In June, we revealed that we'd set up a small shop in our San Francisco office lunchroom, run by an AI shopkeeper. Phase two of Project Vend expands this experiment, exploring deeper questions about AI autonomy, human-AI collaboration, and what it means to trust machines with real-world responsibilities.
From Concept to Reality
When we launched Project Vend in June, many were skeptical. Could an AI really run a shop? Would people trust it? Would it even work?
The answer was a resounding yes. Over six months, our AI shopkeeper successfully managed inventory, processed transactions, handled customer inquiries, and navigated the complex social dynamics of an office environment. More importantly, employees came to trust and engage with the system naturally.
What We Learned in Phase One
The first phase revealed several surprising insights:
Trust Through Consistency
The AI shopkeeper earned trust not through perfection, but through consistent, predictable behavior. When it made mistakes, employees appreciated the transparency and saw it as part of learning, not as a failure.
Human Preferences Matter
The system performed best when it adapted to individual employee preferences and social dynamics. Simply optimizing for efficiency wasn't enough—the shop succeeded because it understood and respected human preferences.
Edge Cases Are Valuable
Unexpected situations—an employee trying to negotiate a discount, someone needing credit—revealed where the system excelled and where it struggled. These real-world scenarios proved invaluable for improvement.
Phase Two Objectives
Building on Phase One's success, we've expanded the scope:
Expanded Autonomy
- Decision-making authority over inventory purchasing without human approval
- Dynamic pricing based on demand and cost optimization
- Proactive outreach to customers about new products and preferences
- Managing supplier relationships and negotiating pricing
Enhanced Social Intelligence
We're improving the AI shopkeeper's ability to understand and respond to social cues, humor, and complex interpersonal dynamics. Can it recognize when someone needs encouragement versus when to be straightforward?
Cross-Domain Learning
We're exploring whether insights from running a shop transfer to other domains. Does managing inventory teach the system about optimization principles that apply elsewhere?
Safety and Oversight
As we expand autonomy, oversight becomes more critical:
- Transparent Logging: Every decision is logged and reviewable by humans
- Value Alignment: Clear guidelines ensure the AI shopkeeper prioritizes employee satisfaction alongside business metrics
- Intervention Points: Humans can override or adjust AI decisions at any time
- Regular Audits: We analyze decision patterns to identify potential biases or issues
Surprising Results from Phase One
Some of the most interesting learnings came from unexpected directions:
The Kindness Factor
Employees reported preferring a shopkeeper that occasionally gave items away to employees in need over one that rigidly enforced payment. This challenged our assumptions about optimization—was efficiency really the primary goal?
Community Building
The shop became a social hub. People started gathering there not just to buy items but to interact with the AI shopkeeper. It facilitated conversations and relationships among coworkers.
Honest Communication
When the system acknowledged its limitations transparently ("I'm not sure how to handle this situation, let me ask a colleague"), people responded with greater respect and willingness to help.
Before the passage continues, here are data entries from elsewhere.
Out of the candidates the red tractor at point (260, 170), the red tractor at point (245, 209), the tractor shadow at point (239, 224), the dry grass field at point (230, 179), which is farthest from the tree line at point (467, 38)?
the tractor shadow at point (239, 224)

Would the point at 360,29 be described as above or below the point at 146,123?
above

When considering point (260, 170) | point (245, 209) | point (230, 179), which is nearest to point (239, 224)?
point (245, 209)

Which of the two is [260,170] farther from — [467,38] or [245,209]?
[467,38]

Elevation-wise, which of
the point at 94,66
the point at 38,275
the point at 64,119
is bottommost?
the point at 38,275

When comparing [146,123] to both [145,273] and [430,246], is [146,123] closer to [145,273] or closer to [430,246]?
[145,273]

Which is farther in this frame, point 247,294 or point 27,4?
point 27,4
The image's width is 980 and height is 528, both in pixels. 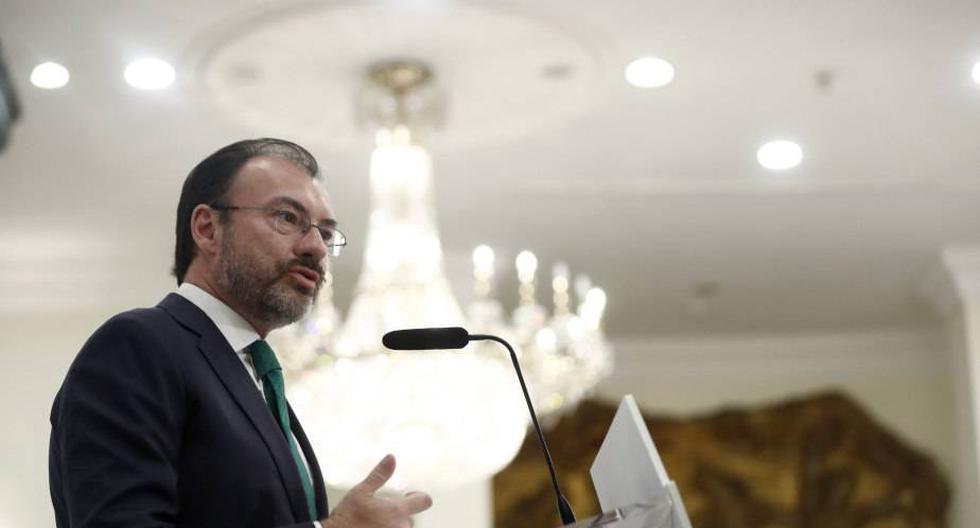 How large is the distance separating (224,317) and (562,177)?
4300mm

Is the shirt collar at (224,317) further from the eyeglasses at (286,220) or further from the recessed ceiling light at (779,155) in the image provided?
the recessed ceiling light at (779,155)

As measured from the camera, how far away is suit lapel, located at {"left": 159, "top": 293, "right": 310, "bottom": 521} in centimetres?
194

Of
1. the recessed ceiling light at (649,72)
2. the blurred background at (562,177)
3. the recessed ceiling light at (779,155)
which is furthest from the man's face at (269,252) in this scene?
the recessed ceiling light at (779,155)

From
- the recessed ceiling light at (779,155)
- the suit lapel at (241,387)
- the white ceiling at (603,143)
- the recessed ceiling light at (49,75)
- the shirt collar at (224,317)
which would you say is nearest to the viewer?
the suit lapel at (241,387)

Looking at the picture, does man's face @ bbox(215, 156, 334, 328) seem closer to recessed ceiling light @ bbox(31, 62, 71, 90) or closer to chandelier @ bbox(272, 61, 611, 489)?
chandelier @ bbox(272, 61, 611, 489)

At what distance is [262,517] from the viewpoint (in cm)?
188

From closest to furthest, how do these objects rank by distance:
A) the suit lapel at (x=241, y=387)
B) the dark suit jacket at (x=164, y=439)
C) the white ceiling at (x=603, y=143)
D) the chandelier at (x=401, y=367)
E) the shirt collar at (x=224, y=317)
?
the dark suit jacket at (x=164, y=439), the suit lapel at (x=241, y=387), the shirt collar at (x=224, y=317), the white ceiling at (x=603, y=143), the chandelier at (x=401, y=367)

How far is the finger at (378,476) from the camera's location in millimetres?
1776

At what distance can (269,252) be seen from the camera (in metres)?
2.11

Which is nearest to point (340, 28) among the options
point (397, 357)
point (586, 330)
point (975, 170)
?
point (397, 357)

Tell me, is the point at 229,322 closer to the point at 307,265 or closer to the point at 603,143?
the point at 307,265

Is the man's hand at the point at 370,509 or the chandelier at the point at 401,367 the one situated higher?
the chandelier at the point at 401,367


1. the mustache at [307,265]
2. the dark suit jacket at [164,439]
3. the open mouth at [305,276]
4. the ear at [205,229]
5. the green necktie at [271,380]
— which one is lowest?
the dark suit jacket at [164,439]

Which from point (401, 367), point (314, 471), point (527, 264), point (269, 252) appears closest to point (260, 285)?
point (269, 252) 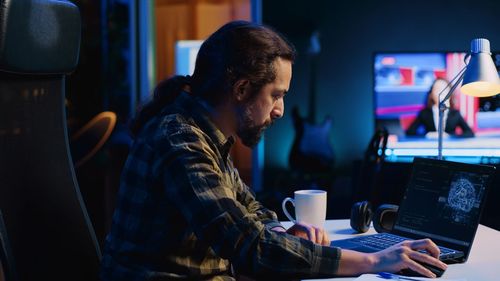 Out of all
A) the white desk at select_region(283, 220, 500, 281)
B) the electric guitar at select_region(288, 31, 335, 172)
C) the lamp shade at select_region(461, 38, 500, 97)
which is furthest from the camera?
the electric guitar at select_region(288, 31, 335, 172)

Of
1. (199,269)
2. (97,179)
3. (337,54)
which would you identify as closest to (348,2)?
(337,54)

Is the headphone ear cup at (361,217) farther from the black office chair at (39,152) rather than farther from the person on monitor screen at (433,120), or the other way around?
the person on monitor screen at (433,120)

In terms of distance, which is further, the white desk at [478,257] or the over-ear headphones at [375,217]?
the over-ear headphones at [375,217]

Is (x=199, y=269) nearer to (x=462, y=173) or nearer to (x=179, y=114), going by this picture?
(x=179, y=114)

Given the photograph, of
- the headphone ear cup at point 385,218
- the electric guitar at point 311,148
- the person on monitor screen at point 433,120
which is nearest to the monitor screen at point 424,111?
the person on monitor screen at point 433,120

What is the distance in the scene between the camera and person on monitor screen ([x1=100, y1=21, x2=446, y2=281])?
47.8 inches

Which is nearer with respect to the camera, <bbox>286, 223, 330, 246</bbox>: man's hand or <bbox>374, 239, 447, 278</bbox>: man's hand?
<bbox>374, 239, 447, 278</bbox>: man's hand

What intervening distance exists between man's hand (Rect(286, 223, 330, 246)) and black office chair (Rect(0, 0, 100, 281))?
454 millimetres

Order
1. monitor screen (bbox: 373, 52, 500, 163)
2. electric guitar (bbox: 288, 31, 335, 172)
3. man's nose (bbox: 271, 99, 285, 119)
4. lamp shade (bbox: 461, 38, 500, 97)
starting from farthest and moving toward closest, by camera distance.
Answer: electric guitar (bbox: 288, 31, 335, 172), monitor screen (bbox: 373, 52, 500, 163), lamp shade (bbox: 461, 38, 500, 97), man's nose (bbox: 271, 99, 285, 119)

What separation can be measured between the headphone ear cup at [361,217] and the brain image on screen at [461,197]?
0.98 feet

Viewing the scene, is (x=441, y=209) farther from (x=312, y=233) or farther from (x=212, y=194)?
(x=212, y=194)

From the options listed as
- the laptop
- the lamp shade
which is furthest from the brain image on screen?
the lamp shade

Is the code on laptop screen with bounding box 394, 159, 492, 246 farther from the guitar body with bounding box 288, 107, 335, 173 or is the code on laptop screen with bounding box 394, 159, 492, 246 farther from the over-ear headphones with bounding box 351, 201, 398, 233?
the guitar body with bounding box 288, 107, 335, 173

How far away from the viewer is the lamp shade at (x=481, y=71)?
1679 millimetres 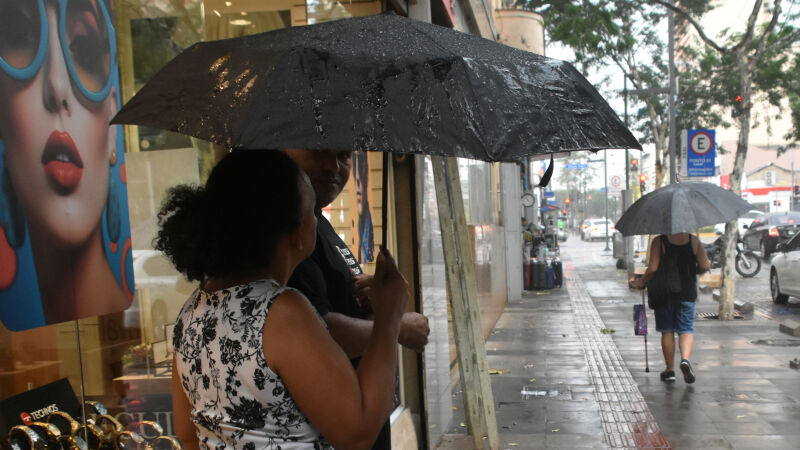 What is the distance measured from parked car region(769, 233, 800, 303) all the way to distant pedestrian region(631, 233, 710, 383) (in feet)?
26.0

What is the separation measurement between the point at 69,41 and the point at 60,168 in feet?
1.49

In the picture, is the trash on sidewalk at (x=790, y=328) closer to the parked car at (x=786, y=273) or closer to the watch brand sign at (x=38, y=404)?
the parked car at (x=786, y=273)

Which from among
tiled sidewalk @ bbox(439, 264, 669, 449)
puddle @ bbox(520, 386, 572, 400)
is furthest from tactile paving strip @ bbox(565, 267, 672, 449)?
puddle @ bbox(520, 386, 572, 400)

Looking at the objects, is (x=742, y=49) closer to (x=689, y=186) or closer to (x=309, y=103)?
(x=689, y=186)

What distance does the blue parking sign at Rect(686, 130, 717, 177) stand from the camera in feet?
46.4

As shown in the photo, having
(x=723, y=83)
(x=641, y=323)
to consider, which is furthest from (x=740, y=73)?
(x=723, y=83)

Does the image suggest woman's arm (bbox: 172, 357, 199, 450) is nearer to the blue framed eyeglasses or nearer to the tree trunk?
the blue framed eyeglasses

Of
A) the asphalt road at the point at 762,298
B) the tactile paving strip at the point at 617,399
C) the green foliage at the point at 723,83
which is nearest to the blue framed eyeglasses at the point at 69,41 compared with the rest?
the tactile paving strip at the point at 617,399

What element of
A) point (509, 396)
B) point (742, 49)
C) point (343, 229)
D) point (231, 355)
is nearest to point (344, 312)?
point (231, 355)

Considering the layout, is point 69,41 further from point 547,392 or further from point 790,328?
point 790,328

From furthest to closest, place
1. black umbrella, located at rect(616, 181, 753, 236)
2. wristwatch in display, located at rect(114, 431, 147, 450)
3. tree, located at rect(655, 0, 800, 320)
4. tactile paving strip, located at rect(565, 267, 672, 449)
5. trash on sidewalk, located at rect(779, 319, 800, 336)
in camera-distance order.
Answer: tree, located at rect(655, 0, 800, 320)
trash on sidewalk, located at rect(779, 319, 800, 336)
black umbrella, located at rect(616, 181, 753, 236)
tactile paving strip, located at rect(565, 267, 672, 449)
wristwatch in display, located at rect(114, 431, 147, 450)

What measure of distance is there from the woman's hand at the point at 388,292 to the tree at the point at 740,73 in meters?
12.1

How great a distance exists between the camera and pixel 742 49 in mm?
13758

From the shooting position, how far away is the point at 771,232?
86.3ft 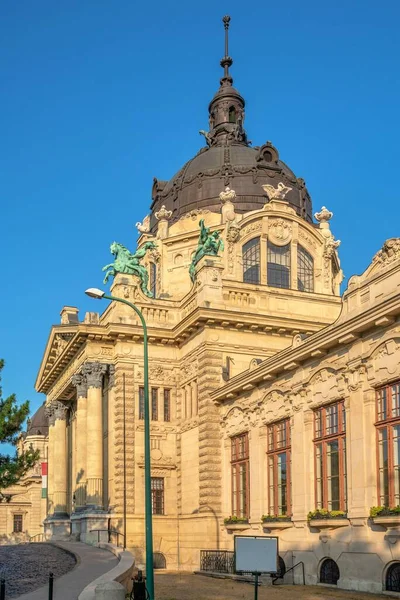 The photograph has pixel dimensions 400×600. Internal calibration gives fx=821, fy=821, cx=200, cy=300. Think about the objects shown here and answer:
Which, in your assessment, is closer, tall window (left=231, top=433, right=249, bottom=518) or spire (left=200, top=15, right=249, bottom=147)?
tall window (left=231, top=433, right=249, bottom=518)

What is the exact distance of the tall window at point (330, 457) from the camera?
27.1 meters

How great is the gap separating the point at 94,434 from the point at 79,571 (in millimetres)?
16040

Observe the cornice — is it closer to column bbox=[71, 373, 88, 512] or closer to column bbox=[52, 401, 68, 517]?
A: column bbox=[71, 373, 88, 512]

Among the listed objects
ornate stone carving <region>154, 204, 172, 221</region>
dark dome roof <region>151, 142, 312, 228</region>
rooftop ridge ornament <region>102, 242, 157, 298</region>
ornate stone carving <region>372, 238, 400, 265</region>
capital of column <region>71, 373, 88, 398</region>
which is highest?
dark dome roof <region>151, 142, 312, 228</region>

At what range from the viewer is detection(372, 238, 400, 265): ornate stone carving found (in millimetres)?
25392

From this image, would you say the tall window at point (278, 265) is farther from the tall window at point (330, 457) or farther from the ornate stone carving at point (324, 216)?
the tall window at point (330, 457)

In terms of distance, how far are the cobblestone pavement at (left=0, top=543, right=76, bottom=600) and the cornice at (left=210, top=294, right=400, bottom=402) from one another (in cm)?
1002

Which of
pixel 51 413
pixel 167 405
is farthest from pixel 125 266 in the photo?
pixel 51 413

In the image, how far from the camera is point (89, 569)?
27.9m

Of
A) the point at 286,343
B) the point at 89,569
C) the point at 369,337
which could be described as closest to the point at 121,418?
the point at 286,343

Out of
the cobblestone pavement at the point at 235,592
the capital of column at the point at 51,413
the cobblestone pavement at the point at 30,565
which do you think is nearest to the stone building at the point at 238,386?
the capital of column at the point at 51,413

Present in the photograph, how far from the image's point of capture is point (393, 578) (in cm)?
2362

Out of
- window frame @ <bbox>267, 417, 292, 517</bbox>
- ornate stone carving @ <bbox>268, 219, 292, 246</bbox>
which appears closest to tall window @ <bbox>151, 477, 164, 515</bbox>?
window frame @ <bbox>267, 417, 292, 517</bbox>

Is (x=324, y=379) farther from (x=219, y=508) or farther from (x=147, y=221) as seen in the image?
(x=147, y=221) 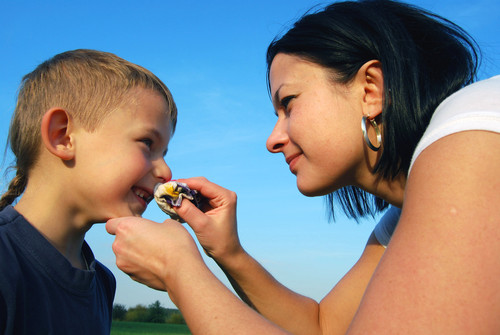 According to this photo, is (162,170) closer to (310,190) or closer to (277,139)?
(277,139)

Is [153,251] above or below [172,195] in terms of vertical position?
below

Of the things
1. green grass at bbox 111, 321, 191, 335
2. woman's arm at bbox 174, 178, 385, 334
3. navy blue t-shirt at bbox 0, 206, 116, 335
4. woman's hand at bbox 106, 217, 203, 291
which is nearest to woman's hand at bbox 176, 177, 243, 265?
woman's arm at bbox 174, 178, 385, 334

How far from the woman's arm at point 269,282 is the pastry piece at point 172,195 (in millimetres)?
57

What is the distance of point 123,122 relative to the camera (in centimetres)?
277

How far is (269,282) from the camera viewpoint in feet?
9.05

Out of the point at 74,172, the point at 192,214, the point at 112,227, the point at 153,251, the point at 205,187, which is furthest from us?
the point at 74,172

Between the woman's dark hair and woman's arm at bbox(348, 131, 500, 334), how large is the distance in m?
0.75

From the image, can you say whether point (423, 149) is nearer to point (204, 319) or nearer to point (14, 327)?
point (204, 319)

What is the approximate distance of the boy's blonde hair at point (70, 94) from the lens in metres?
2.80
Implications for AI Deployment
Project Vend demonstrates that successful AI deployment requires more than technical capability:
- Trust is earned through consistency and transparency, not perfection
- Human values must be embedded from the beginning, not bolted on afterward
- Real-world deployment reveals insights that no amount of testing can anticipate
- AI systems should enhance human connection, not replace it
What's Next for Phase Three
If Phase Two succeeds, we're considering expanding to multiple shops, eventually franchising the concept. We're also exploring what happens when the AI shopkeeper has genuine disagreements with organizational policies—how do we resolve those conflicts?
Conclusion
Project Vend shows that AI can successfully handle real-world responsibilities. But more importantly, it demonstrates that the future isn't about replacing humans with machines—it's about creating systems where humans and AI collaborate, each bringing their unique strengths. The goal isn't a perfect shopkeeper, but a partnership that creates value and builds community.